Updated: Oct 25, 2023

This is the first of a series of posts featuring writing hacks which will instantly improve your writing!

With NaNoWriMo looming in the distance, I want to help writers produce cleaner and more effective drafts by addressing the issue of filter words.


‘Filter words are verbs that increase the narrative distance, reminding us that what we're reading is being told by someone rather than experienced, or shown, through the eyes of the character’ (Louise Harnby: her excellent writing and editing blog is linked here)

Filter words include words such as think, feel, see, touch, realise, know, wonder etc (the list goes on). There are also phrases which have a similar effect, e.g. seemed to, looked like etc.
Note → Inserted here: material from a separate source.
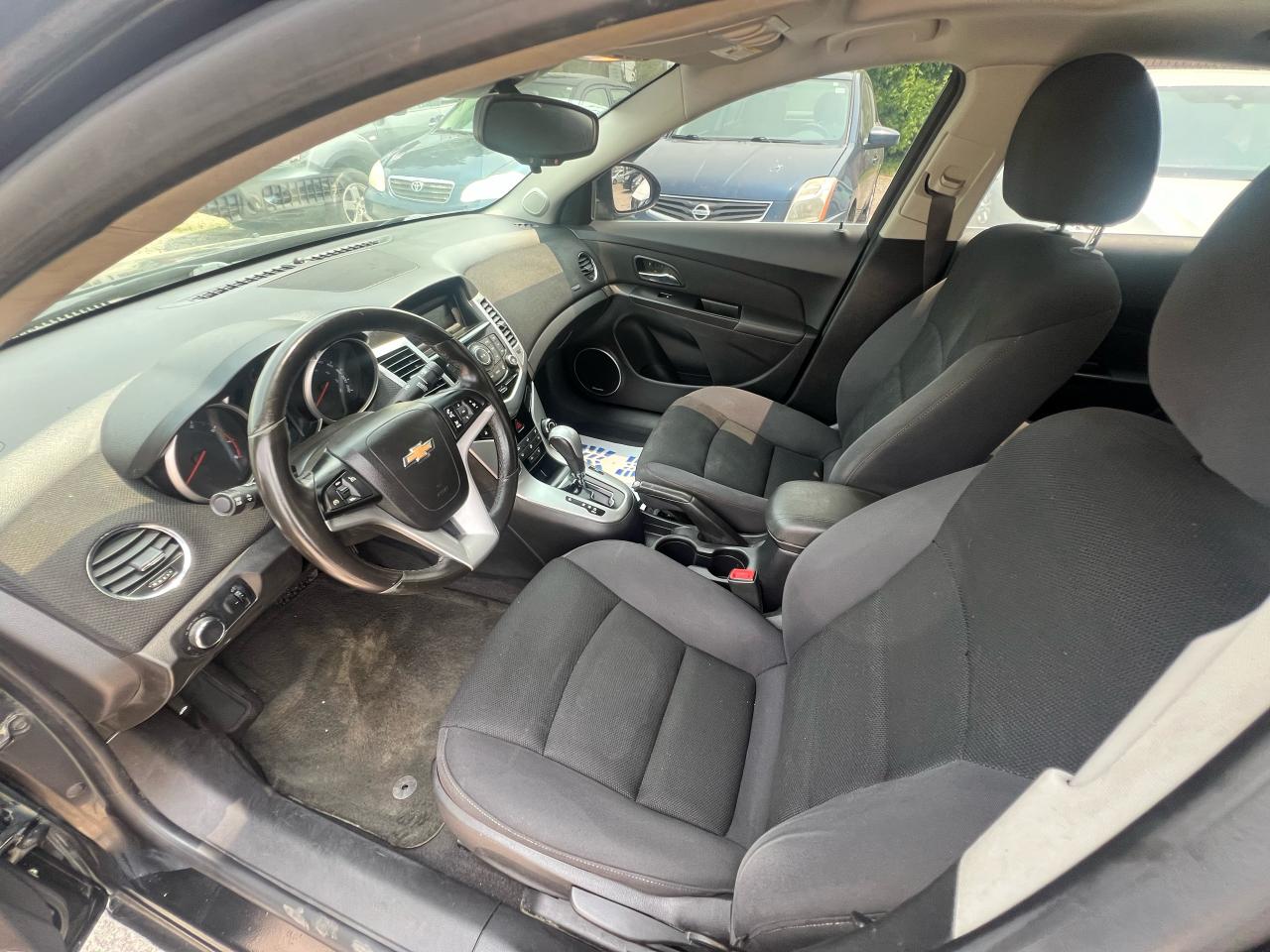 2014 Chevrolet Cruze 4dr Sdn 1LT - Photo #13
When constructing your prose it can seem intuitive to write about a character hearing something, or feeling something, or realising something, as in the example below:

‘Emmy walked into the building and smelt grease and meat juice in the air. She was shown to a table and saw a paper placemat, chopsticks, and a bottle of soy sauce. The waiter gave her instructions about how to use the buffet (as if she didn’t know), and she felt her stomach gnawing at her while she waited for him to finish his explanation.

Five minutes later she sat at her table with her plate piled to what looked like chest-height. She speared a piece of chicken on her fork and relished the taste of sweet and sour on her tongue.

‘Ooo look it’s Emmy.’

She almost choked. The sound of the girl’s voice sent her body rigid and immediately made her want to curl up in a ball and hide in her chair. She felt her heart race as her childhood bully strutted towards the table’.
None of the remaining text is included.